Concessions sales shot up to normal.
Two decades later, Harkins is responding to another craze: the Atkins diet. That grants the weight-loss formula its deepest foray into enemy territory - movie concession stands, which are regarded as places where willpower crumbles.
Harkins is selling low-carb Atkins Advantage chocolate bars at 10 locations and may expand the line if sales are brisk.
AMC, the Valley's other major theater chain, began selling sugar-free Russell Stover Pecan Delights candy about a year ago, spokesman Rick King said.
"We continue to look for items that might get traction with our guests," King said. "But so far, (we) have not further expanded those offerings."
Although such moves are a nod to the health-conscious, most theater foods - popcorn, candy bars, nachos - are still built to expand the waistline.
Despite such temptations, experts say it's possible to snack at the movies and not wreck your diet.
"I think it's the either-or thing," says Patti Milligan, a registered dietitian and corporate nutritionist for Sprouts Farmers Market.
She advises that people choose a single high-calorie snack rather than multiple items.
"If you're going to do the beverage, fine," she says. "Or choose the popcorn or the sugary snacks. But recognize that it's going to be about 400 to 500 calories. If you really feel like you've got to have a snack at the movies, plan it in (to your diet)."
Milligan also suggests dividing a snack among those in the group.
"If we decide popcorn's our thing, we'll definitely go and get a popcorn, then we split it up," she says.
Nancy Groben, a math teacher at Sunnyslope High School, employs a different scheme to cut calories at the movies.
"I usually don't go to the movies hungry," she says. "I usually go right after a meal, or I go to the movies and then we're going to go to dinner after.
"If I want to nibble on something in the movies, I don't buy anything there. I bring it with me in my purse.
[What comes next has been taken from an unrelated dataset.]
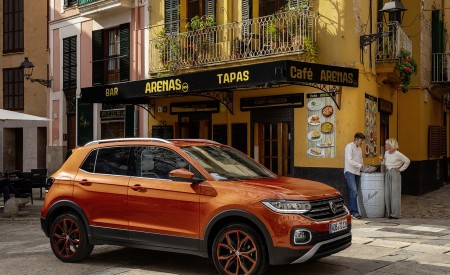 2019 Volkswagen T-Cross Front Three-Quarter Wallpapers 450x275 (19)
There's nothing there that I can buy."
Although that may work for Groben, Terri Taylor, nutrition educator for Scottsdale Healthcare, says it's not realistic to expect people to abstain from movie snacks.
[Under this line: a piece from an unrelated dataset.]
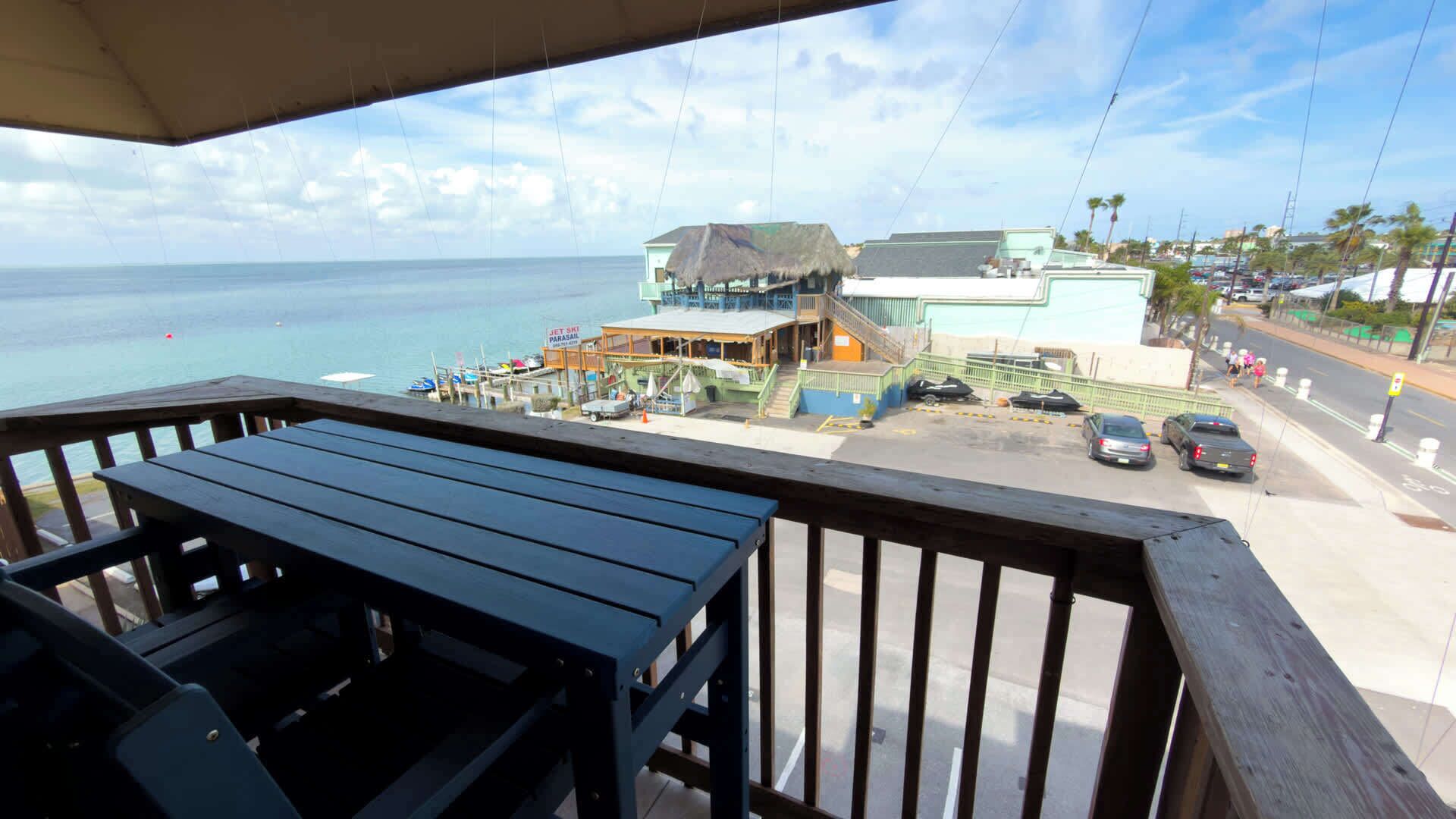 Apartemen, Beberapa Tempat Tidur, balkon (Marlin Arms #1) | Pemandangan dari kamar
"Portions are the big problems," she says. "It's not necessarily the carbs or the fat, it's the portions of the foods we're eating.
"Unfortunately, some of the portions are pretty big there."
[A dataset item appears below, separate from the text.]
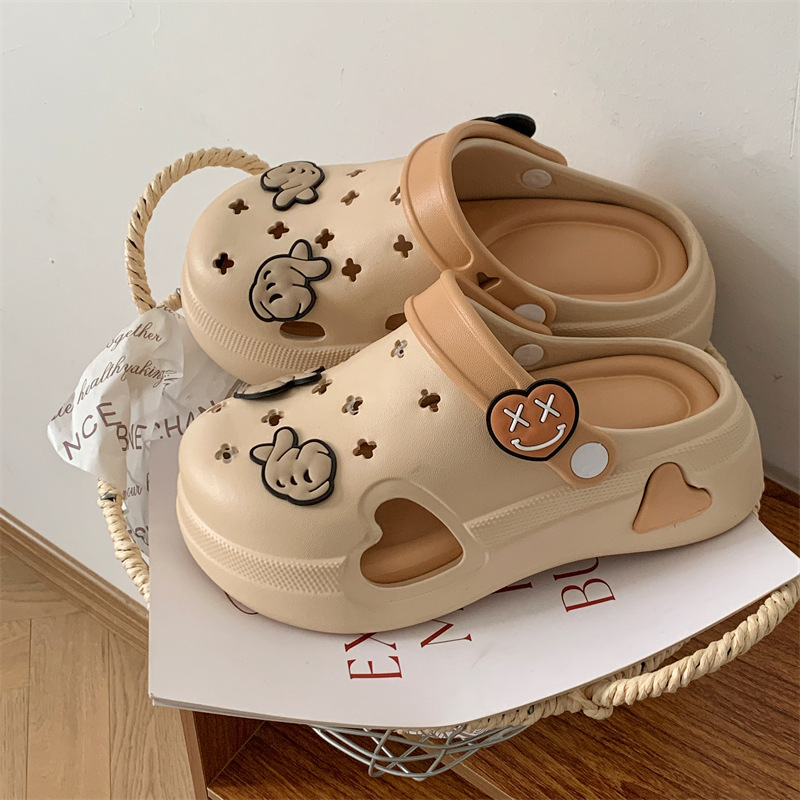 Ultra-light Thick-soled Baotou Hole Shoes Women's Short Outer Wear Summer Explosions Wear-resistant Anti-slip High-rise Seaside Sandals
Taylor recommends a small unbuttered popcorn, which offers fiber and fills you.
Observing such rules is probably more important for frequent moviegoers.
"If you're going to the movies once a month and it's a big treat for you all . . . it probably doesn't matter," she says.
Harkins says he's committed to offering healthful snacks (he pops his popcorn in canola oil rather than coconut oil, for example) but acknowledges that people treat movie-going as a celebration and tend to break their diets when they go.
"It's like eating birthday cake at a birthday party," says Harkins, who, like most theater owners, derives most of his profits from concession sales.
Though Harkins is helping some dieters with Atkins bars, the dietitians warn that low-carb bars aren't necessarily diet food. They may meet the needs of Atkins dieters, but they contain plenty of calories. The Atkins Advantage bar, while advertising just two "net carbs," has 220 calories, including 100 from fat.
"Those things can be very misleading because there is no legal definition of what low-carb is, and they're still full of calories," Taylor says. "Low-carb and low calories are not the same thing."
Groben, the math teacher, suspects a profit motive behind Atkins bars at the movies.
"Everybody's doing it," she says. "I think that's why movies are starting to. Because they can make money, that's why, and they want to cater to the public."